Search code examples
pythontensorflowmachine-learningkerasdeep-learning

Error in keras sparse_categorical_crossentropy loss function


I am trying a deep neural network prediction but getting error:

InvalidArgumentError: logits and labels must have the same first dimension, got logits shape [32,4] and labels shape [128]

Here are the features:

new_features.shape
(19973, 8)

new_features[0].shape
(8,)

Here are the label/output

output.shape
(19973, 4)

output[0].shape
(4,)

Here is the keras code

model = Sequential(
  [
    Dense(units=8, input_shape=new_features[0].shape, name="layer1"),
    Dense(units=1024, activation="relu", name="layer2"),
    Dense(units=1024, activation="relu", name="layer3"),
    Dense(units=4,  name="layer4", activation="softmax"),
  ]
)

model.compile(optimizer='adam', loss='sparse_categorical_crossentropy')
model.fit(new_features, output, epochs=2)

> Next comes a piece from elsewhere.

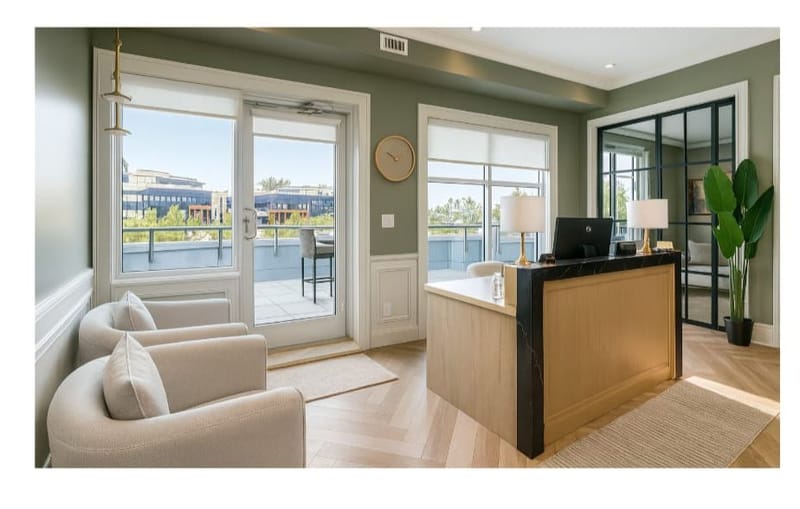 Seating area beside the reception desk at EverStone CPA in Abbotsford, BC, with armchairs and a door to the terrace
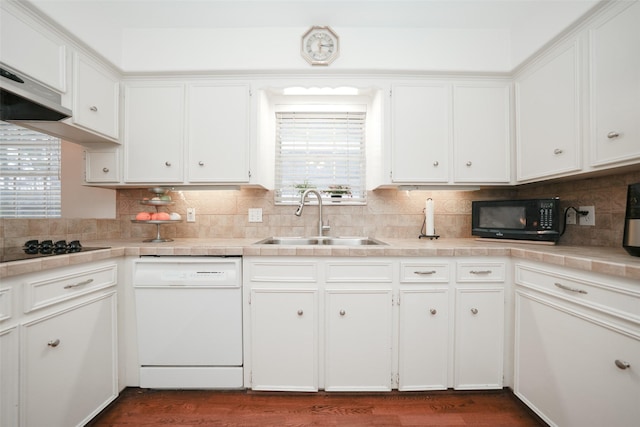 kitchen featuring white cabinets, sink, and black appliances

The features and labels contain float values.


Solution

  • The problem is in your target shape. First of all your target in classification problems must be int

    if you have 1D integer encoded target you can use sparse_categorical_crossentropy as loss function

    X = np.random.randint(0,10, (1000,100))
    y = np.random.randint(0,3, 1000)
    
    model = Sequential([
        Dense(128, input_dim = 100),
        Dense(3, activation='softmax'),
    ])
    model.summary()
    model.compile(loss='sparse_categorical_crossentropy',optimizer='adam',metrics=['accuracy'])
    history = model.fit(X, y, epochs=3)
    

    Otherwise, if you have one-hot encoded your target in order to have 2D shape (n_samples, n_class) you can use categorical_crossentropy

    X = np.random.randint(0,10, (1000,100))
    y = pd.get_dummies(np.random.randint(0,3, 1000)).values
    
    model = Sequential([
        Dense(128, input_dim = 100),
        Dense(3, activation='softmax'),
    ])
    model.summary()
    model.compile(loss='categorical_crossentropy',optimizer='adam',metrics=['accuracy'])
    history = model.fit(X, y, epochs=3)